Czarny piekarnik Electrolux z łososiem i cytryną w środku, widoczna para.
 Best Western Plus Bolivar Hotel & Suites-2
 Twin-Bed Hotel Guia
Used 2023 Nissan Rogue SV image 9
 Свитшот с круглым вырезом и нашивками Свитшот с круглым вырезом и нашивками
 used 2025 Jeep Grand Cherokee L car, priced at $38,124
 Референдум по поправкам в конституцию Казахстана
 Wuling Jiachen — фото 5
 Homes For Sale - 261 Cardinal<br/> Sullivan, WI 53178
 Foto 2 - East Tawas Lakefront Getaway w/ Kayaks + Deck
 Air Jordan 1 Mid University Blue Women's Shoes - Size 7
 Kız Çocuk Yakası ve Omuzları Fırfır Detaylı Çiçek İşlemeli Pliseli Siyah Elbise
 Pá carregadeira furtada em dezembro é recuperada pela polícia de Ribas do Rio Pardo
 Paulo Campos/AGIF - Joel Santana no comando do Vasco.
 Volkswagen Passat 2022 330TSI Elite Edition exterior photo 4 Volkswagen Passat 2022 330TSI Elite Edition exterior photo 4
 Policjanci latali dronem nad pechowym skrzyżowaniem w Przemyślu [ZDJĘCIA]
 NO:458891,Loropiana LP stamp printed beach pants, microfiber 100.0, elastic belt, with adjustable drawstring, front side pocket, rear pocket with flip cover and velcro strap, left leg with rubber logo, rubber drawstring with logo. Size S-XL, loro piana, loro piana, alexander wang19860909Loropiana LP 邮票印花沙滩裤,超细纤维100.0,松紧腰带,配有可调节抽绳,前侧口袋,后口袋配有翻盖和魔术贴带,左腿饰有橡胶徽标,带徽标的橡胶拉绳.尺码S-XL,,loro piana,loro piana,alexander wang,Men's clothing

----------

**TASK GOAL**.
Repeat all of the records, letter for letter.

**EXERCISE ANSWER**.
Czarny piekarnik Electrolux z łososiem i cytryną w środku, widoczna para.
 Best Western Plus Bolivar Hotel & Suites-2
 Twin-Bed Hotel Guia
Used 2023 Nissan Rogue SV image 9
 Свитшот с круглым вырезом и нашивками Свитшот с круглым вырезом и нашивками
 used 2025 Jeep Grand Cherokee L car, priced at $38,124
 Референдум по поправкам в конституцию Казахстана
 Wuling Jiachen — фото 5
 Homes For Sale - 261 Cardinal<br/> Sullivan, WI 53178
 Foto 2 - East Tawas Lakefront Getaway w/ Kayaks + Deck
 Air Jordan 1 Mid University Blue Women's Shoes - Size 7
 Kız Çocuk Yakası ve Omuzları Fırfır Detaylı Çiçek İşlemeli Pliseli Siyah Elbise
 Pá carregadeira furtada em dezembro é recuperada pela polícia de Ribas do Rio Pardo
 Paulo Campos/AGIF - Joel Santana no comando do Vasco.
 Volkswagen Passat 2022 330TSI Elite Edition exterior photo 4 Volkswagen Passat 2022 330TSI Elite Edition exterior photo 4
 Policjanci latali dronem nad pechowym skrzyżowaniem w Przemyślu [ZDJĘCIA]
 NO:458891,Loropiana LP stamp printed beach pants, microfiber 100.0, elastic belt, with adjustable drawstring, front side pocket, rear pocket with flip cover and velcro strap, left leg with rubber logo, rubber drawstring with logo. Size S-XL, loro piana, loro piana, alexander wang19860909Loropiana LP 邮票印花沙滩裤,超细纤维100.0,松紧腰带,配有可调节抽绳,前侧口袋,后口袋配有翻盖和魔术贴带,左腿饰有橡胶徽标,带徽标的橡胶拉绳.尺码S-XL,,loro piana,loro piana,alexander wang,Men's clothing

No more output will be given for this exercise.